本件商標と、該「コンパス」の商標を比較するに、両者は「コンパス」の称呼を共通にするものである。

しかし、「コンパス」の称呼からは、製図道具の「COMPASS」の語を想起するというのが相当であり、造語と言える「COMPATH」の文字を想起するとはいい難いものである。

してみれば、本件商標と、商標権者の使用に係る商標とは、観念同一のものと言うことはできないし、観念において異なるものであるから、両者を、社会通念上同一のものであるとすることができない。

そうすると、商標本来の機能である自他商品識別標識としての実質的な差異はなく、社会通念上同一と認められる商標であるといわなければならない。

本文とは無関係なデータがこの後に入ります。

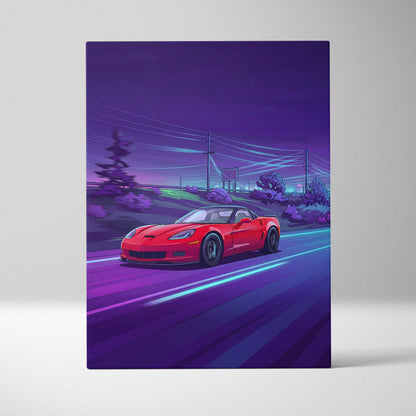 Chevrolet C6 Corvette Inspired, Neon Vaporwave Car Scene - Car Artwork Vaporwave Neon Purple Room Nostalgic Mood Canvas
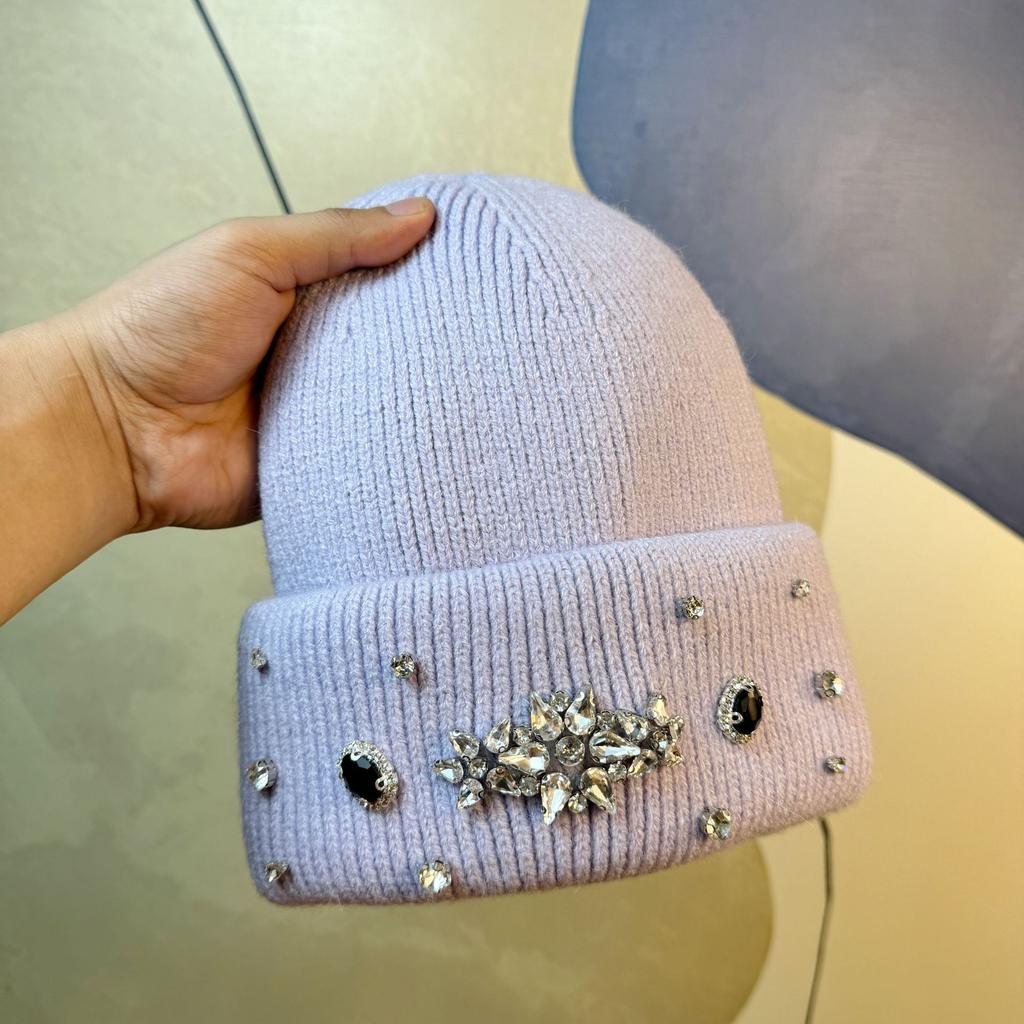 Light Luxury Rhinestone Rabbit Fur Beanie Women's Autumn and Winter White Knitted Hat Big Head Circumference Showing Face Small Baotou Cold Hat Trend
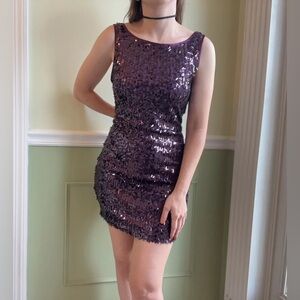 Forever 21 Dark Purple Sequin Mini Dress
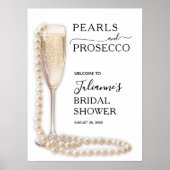 パールズ&プロセッコブライダルシャワー歓迎 ポスター (正面)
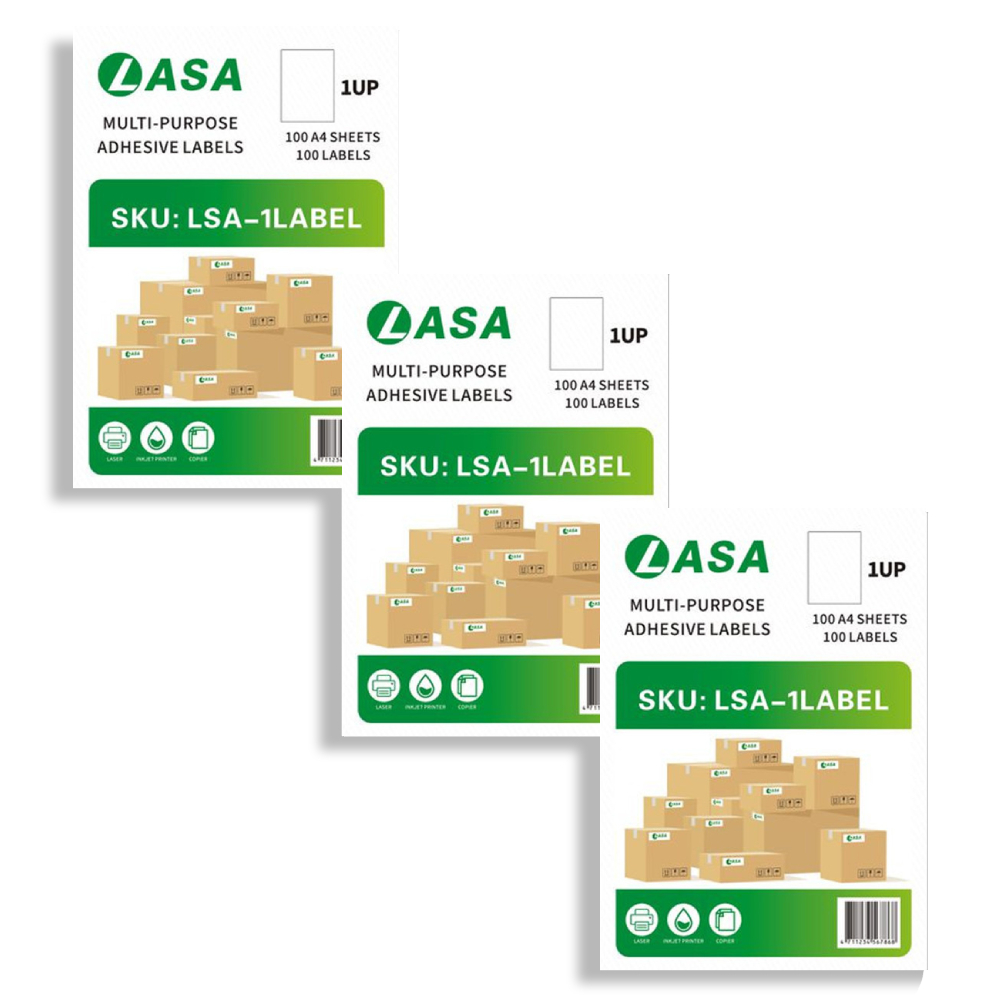 A4 Full-Sheet Adhesive Labels, 1-Up, 3-Pack - for Laser & Inkjet Printers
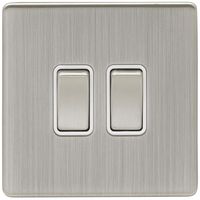 Show details for  10A 2 Way Switch, 2 Gang, Satin Nickel, White Trim, Concealed 6mm Range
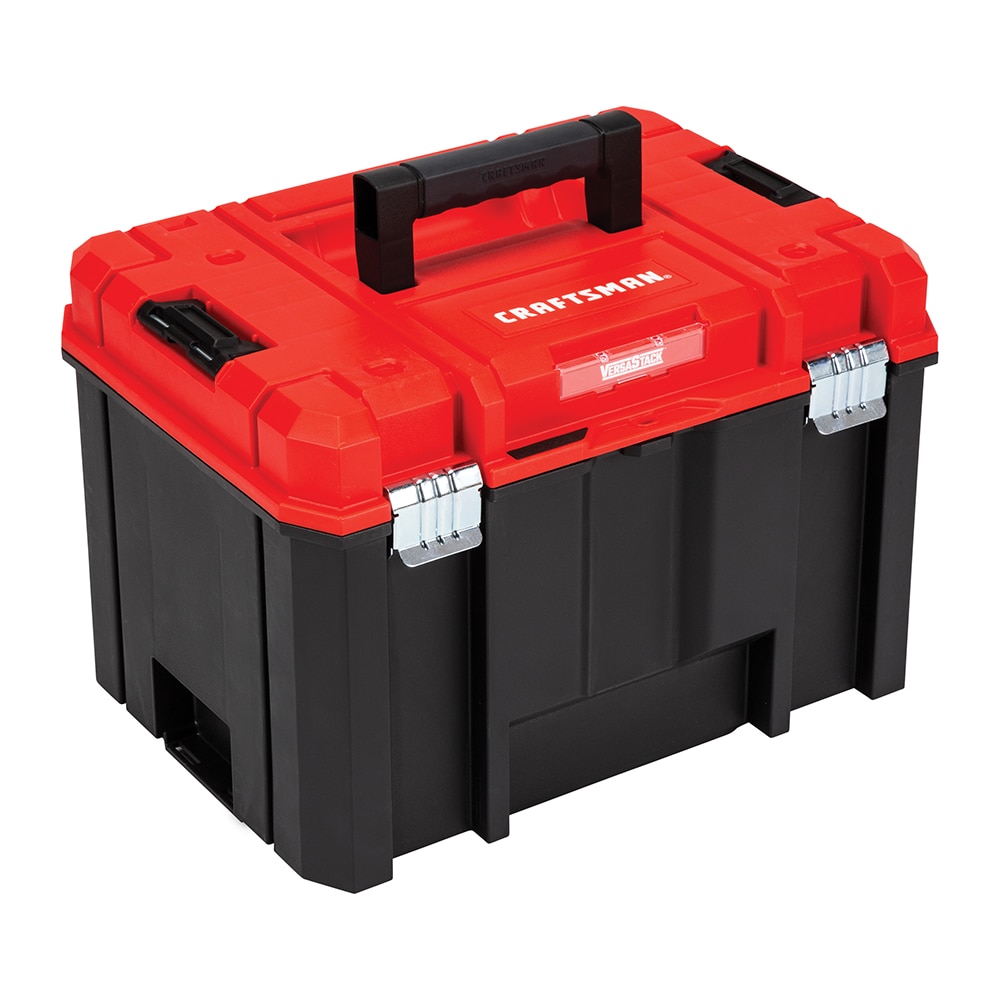Caja de herramientas de plástico roja CRAFTSMAN VERSASTACK de 17 pulgadas de ancho x 11.87 pulgadas de alto x 13.0 pulgadas de profundidad CMST17825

5. 取消2000-30778(登録第2451515号の登録取消審判事件)

(1)本件登録商標

下記の構成よりなり、第17類「被服(運動用特殊被覆を除く。)」(その他は省略)を指定商品とするものである。

(2) 商標権者は、指定商品の被服の範疇に含まれる商品に下記の商標を使用していた。

(3)審判における判断

本件商標は、上記(1)の通り「ワープ」の文字中の「ー」の上部において交差する円状様のものを描き、その左側の円弧が「ワ」の左上部を白抜きする如く、また、右側の円弧は「プ」の「゜」の上部で止まる様に描かれた特徴を有する構成から成るものである。他方、使用商標は、上記(2)の通り「warp」の文字を中央に大きく書し、その上部に「akatesnowsurfsoundstyle」の文字を小さく書し、下部に「magazine」及び「Japan」の文字を使用してなるものである。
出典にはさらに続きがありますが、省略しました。